孔子的思想方法

我們開始講述孔子的思想方法。這個問題讓人迷茫。孔子思想還有方法嗎?人們看到的只是一堆格言,如此而已。或者這個問題就沒有在人的思想裡閃現過,更別說探究了。中國人大都迷失在這種思想裡,跟這種思想的細枝末節做鬥爭。有誰知道孔子是不屑於辯論的?你們這些聰慧的人,看到了方法這個問題嗎?還是依然陷在什麼“仁義禮智信”裡無法自拔?

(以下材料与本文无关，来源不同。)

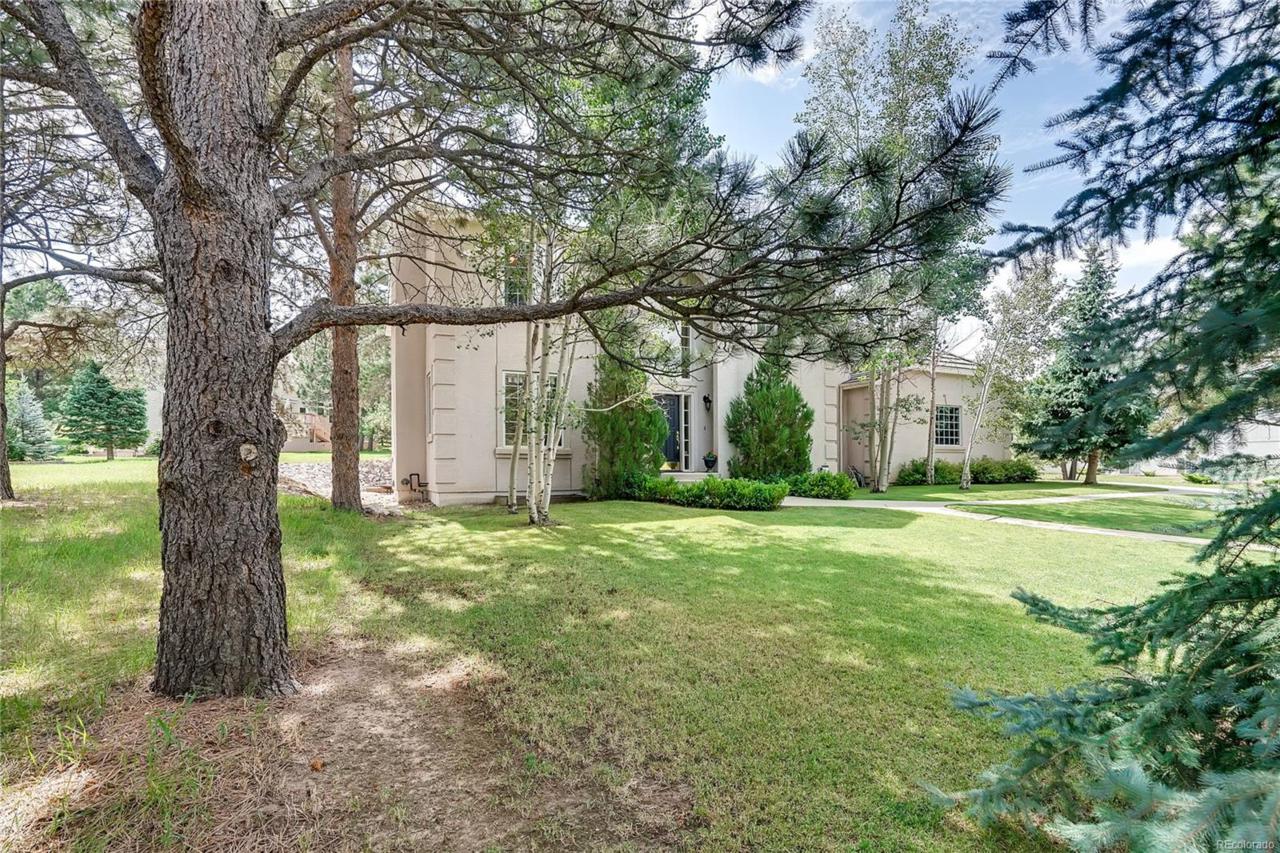 1525 Longview Circle - Photo 1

我曾提到孔子思想是“根”的思想,站在過去根基化的地基上。沒人明白。我們還在喋喋不休地說,這種思想歷經千年已經融入我們的血液。這種融入是不可否認的事實。但,這是一個歷史歷程,我要說:無論這種思想有無實現,它都是“根”的思想。這在“仁義禮智信”裡有明顯的痕跡,我們能感受到,卻不明就裡。我還說:這是一種“情”的思想。大概也沒什麼人明白。上個世紀,存在主義思想橫行於世。海德格爾畢生致力於“存在”,他展現出來的“無家可歸狀態”最感人。然而,在中國,千年以前,已經有一位偉大的思想家看到了。他講授和傳播,致力於把人帶回“家”中。我還簡略提出孔子思想不是倫理思想,但它是關於“他人”的學說,關於“人與人”的學說。這很明顯。但不明顯的是:為什麼關於“人與人”的學說就可以成為“天道”?人們不明白,也不追問。更甚者:孔子是怎樣把這兩種東西緊密的聯繫起來的?這更是無人問津。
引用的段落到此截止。